● **Activity**:
Starting with the line that contains "New Rolling Trolley" and stopping after the line that contains "2025 Spring Autumn", return each line below exactly as written, with no others.
=== Data for analysis ===
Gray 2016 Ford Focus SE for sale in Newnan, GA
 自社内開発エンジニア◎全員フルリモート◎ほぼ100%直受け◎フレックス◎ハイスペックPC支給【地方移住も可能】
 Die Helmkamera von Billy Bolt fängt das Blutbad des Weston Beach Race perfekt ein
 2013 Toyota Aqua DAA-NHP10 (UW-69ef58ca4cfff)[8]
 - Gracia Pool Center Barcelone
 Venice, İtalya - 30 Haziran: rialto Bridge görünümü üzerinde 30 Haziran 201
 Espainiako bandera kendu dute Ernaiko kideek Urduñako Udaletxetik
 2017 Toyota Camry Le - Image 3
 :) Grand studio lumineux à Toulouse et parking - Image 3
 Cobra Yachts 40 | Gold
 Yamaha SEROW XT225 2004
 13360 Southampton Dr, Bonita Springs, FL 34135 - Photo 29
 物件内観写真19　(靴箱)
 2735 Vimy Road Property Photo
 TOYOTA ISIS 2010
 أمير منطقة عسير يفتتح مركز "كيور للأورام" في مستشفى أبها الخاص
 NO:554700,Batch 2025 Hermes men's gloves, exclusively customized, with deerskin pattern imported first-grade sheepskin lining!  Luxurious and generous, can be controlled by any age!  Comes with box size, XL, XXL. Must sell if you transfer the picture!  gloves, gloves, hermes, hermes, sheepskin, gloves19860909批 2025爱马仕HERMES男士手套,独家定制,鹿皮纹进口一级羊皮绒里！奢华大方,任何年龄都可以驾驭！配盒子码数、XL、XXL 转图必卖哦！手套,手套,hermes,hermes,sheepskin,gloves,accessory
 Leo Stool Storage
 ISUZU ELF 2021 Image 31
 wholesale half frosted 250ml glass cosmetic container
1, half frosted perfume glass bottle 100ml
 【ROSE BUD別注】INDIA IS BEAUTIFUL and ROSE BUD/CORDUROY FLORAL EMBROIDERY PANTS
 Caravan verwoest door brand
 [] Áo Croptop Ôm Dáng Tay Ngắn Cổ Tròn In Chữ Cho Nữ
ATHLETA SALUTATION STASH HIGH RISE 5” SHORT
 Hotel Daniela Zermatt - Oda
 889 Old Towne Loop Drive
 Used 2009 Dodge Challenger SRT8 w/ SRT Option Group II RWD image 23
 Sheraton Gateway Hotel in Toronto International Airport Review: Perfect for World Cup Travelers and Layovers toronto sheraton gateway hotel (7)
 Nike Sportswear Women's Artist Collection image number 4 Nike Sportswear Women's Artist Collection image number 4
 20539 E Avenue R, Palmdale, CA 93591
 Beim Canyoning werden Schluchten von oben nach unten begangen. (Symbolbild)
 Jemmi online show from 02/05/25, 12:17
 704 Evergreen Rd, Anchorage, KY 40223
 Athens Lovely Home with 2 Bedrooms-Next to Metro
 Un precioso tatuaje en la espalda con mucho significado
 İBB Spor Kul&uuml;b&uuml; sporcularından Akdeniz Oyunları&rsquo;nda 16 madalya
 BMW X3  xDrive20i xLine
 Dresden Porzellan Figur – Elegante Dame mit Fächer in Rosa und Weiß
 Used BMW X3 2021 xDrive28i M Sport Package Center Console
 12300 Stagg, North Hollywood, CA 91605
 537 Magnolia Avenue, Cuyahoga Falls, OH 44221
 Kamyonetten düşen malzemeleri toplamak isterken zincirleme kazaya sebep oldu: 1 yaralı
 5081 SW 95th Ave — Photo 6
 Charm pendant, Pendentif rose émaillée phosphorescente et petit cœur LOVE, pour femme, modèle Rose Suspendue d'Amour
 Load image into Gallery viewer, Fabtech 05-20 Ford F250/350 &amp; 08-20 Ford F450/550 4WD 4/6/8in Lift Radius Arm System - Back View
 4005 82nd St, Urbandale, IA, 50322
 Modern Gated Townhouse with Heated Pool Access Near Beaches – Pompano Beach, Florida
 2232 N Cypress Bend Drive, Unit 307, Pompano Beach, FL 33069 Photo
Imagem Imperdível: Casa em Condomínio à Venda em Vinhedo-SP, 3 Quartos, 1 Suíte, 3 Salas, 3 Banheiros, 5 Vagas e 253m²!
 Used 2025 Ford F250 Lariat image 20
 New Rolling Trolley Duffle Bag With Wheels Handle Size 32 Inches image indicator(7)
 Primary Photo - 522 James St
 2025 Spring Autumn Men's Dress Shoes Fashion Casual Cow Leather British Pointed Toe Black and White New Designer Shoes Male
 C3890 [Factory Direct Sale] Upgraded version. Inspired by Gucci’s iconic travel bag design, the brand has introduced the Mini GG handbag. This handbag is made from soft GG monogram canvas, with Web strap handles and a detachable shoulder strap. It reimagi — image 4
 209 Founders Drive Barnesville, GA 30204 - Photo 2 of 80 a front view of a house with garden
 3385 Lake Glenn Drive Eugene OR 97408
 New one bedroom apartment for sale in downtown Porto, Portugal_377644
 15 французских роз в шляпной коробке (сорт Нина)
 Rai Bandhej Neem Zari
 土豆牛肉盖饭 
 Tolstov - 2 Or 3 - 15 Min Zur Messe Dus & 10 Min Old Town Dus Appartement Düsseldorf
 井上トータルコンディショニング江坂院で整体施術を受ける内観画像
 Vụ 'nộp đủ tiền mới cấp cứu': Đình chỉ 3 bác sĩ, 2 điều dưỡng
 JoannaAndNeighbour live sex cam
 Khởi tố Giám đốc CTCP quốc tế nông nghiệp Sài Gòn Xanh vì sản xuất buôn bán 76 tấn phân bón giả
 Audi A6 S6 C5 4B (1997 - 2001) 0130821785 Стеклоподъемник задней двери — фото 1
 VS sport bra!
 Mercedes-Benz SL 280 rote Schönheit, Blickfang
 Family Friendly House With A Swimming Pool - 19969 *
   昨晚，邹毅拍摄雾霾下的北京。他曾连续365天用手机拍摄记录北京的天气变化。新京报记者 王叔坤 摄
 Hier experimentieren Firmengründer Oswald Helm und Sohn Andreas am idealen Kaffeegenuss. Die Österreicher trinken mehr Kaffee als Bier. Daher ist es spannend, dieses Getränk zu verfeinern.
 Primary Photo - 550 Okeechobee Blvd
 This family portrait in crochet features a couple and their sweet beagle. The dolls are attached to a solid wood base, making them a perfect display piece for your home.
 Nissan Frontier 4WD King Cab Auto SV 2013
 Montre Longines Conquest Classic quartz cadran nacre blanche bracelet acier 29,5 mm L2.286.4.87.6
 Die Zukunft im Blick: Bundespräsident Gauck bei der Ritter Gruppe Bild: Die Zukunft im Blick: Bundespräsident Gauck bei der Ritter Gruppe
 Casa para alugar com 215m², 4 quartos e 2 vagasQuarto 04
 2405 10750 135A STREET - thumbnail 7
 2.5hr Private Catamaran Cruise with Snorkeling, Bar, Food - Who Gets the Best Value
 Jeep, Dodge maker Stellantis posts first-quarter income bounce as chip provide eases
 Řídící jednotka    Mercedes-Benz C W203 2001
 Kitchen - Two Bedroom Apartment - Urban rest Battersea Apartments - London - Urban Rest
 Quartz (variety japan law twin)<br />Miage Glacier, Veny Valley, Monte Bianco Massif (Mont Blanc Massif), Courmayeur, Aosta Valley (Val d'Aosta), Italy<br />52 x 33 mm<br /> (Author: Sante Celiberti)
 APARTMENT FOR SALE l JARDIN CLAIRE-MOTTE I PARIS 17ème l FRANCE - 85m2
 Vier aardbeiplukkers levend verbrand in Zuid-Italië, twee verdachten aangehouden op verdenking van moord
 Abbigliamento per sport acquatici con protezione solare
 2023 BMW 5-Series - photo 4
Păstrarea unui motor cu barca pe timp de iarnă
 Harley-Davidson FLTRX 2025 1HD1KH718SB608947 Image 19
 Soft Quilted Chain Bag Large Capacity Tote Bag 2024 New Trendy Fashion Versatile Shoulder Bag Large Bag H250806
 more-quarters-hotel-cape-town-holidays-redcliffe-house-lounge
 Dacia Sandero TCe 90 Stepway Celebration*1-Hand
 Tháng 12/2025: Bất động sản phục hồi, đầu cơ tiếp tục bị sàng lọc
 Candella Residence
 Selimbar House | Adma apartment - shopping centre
===
● **Finished exercise**:
 New Rolling Trolley Duffle Bag With Wheels Handle Size 32 Inches image indicator(7)
 Primary Photo - 522 James St
 2025 Spring Autumn Men's Dress Shoes Fashion Casual Cow Leather British Pointed Toe Black and White New Designer Shoes Male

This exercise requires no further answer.